Niccolò di Bernardo dei Machiavelli nasce a Firenze il 3 maggio 1469, terzo di quattro figli. La famiglia è d’antico lignaggio, ma il ramo è cadetto e piuttosto sventurato. Questo sembra precludere al giovane Niccolò tutti gli onori lasciandogli invece cospicui oneri, come attestano i registri contabili del padre, dove i debiti sopravanzano abbondantemente i redditi. Non sarà dunque un caso che il tema di molte delle prime missive del Machiavelli, inviato in missione diplomatica dal governo fiorentino, sarà la richiesta di fondi più cospicui, non potendo egli provvedere di tasca propria. Nonostante le ristrettezze economiche, il padre è dottore in diritto e riesce a garantire al nostro i rudimenti d’istruzione necessari per un proto-borghese dell’epoca. Nato e cresciuto nella culla del Rinascimento, ma anche in una società mercantile frizzante, per quanto in declino, Niccolò studia il latino, entrando in contatto coi grandi classici dell’antichità che lo segneranno per sempre. Poi, certo, non mancano grammatica e abaco. Si tratta di un’istruzione privata, per quanto di buon livello: il Machiavelli non andrà all’università.

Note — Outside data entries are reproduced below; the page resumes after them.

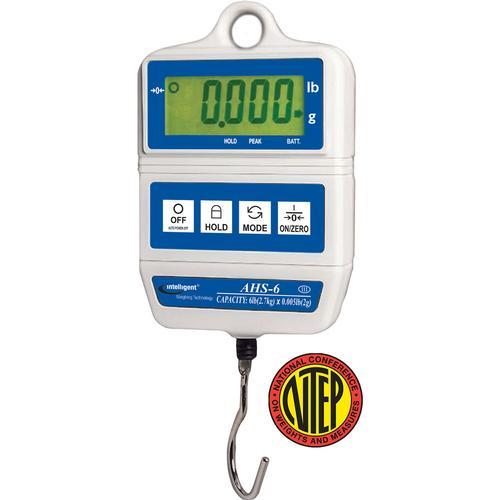 Intelligent Weighing AHS-60 AHS NTEP Digital Hanging Scale, 60 lb Capacity, 0.05 lb Readability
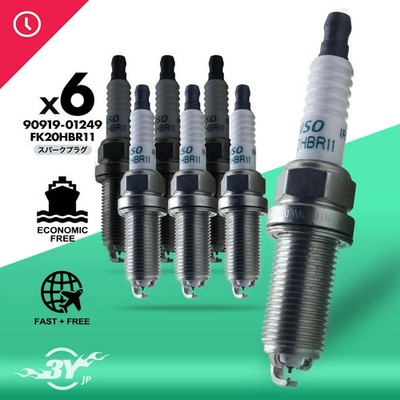 6PCS Spark Plugs Fit For GS300 GS450H GS350 S250 OEM 90919-01249 Denso FK20HBR11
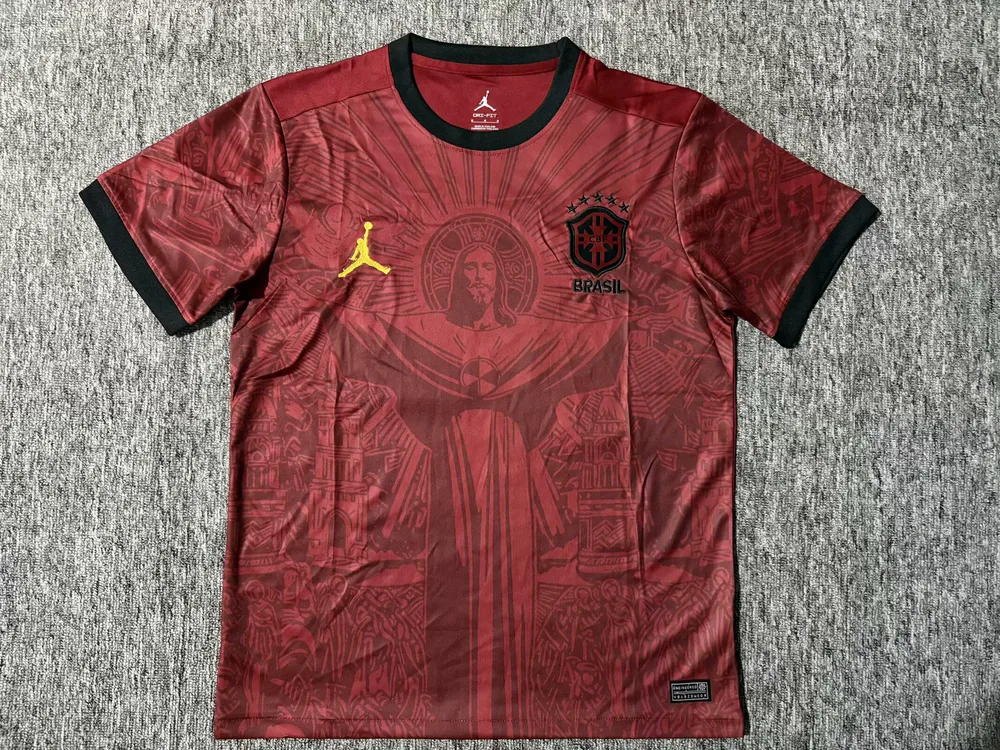 2025/2026 Brazil Jesus Wine Red Football Shirt  — main view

Queste poche informazioni sull’infanzia di Niccolò le conosciamo grazie al Libro dei Ricordi del padre, una sorta di diario di famiglia per le nuove generazioni che era uso compilare nelle famiglie fiorentine del tempo.

Il Machiavelli pare dunque destinato a scomparire dalle cronache, ma Fortuna e Virtù decideranno diversamente. Due furono le vite del Machiavelli, una da politico e una da letterato; e due furono infatti le date cardine della sua esistenza, necessarie per comprenderne la vita e l’opera. La prima è il 3 settembre 1494. Carlo VIII, re di Francia, valica le Alpi con uomini e cannoni, dando l’avvio alle Guerre d’Italia: è la fine dell’indipendenza degli Stati Italiani. La facilità dell’impresa sbigottisce gli italiani del tempo. Machiavelli stesso scriverà che «Carlo la pigliò col gesso», quello usato per segnare sulle carte i luoghi dove accamparsi. L’impatto politico e psicologico della discesa del francese fu epocale e marchiò a fuoco Niccolò, che da quel momento in avanti dedicherà tutta la sua vita alla politica e a cercare di capire come fosse possibile restaurare l’indipendenza della Penisola. Dati i tempi, centrale nelle sue riflessioni quanto nella sua prassi, finchè gli sarà concesso di partecipare alla politica attiva, sarà l’aspetto militare.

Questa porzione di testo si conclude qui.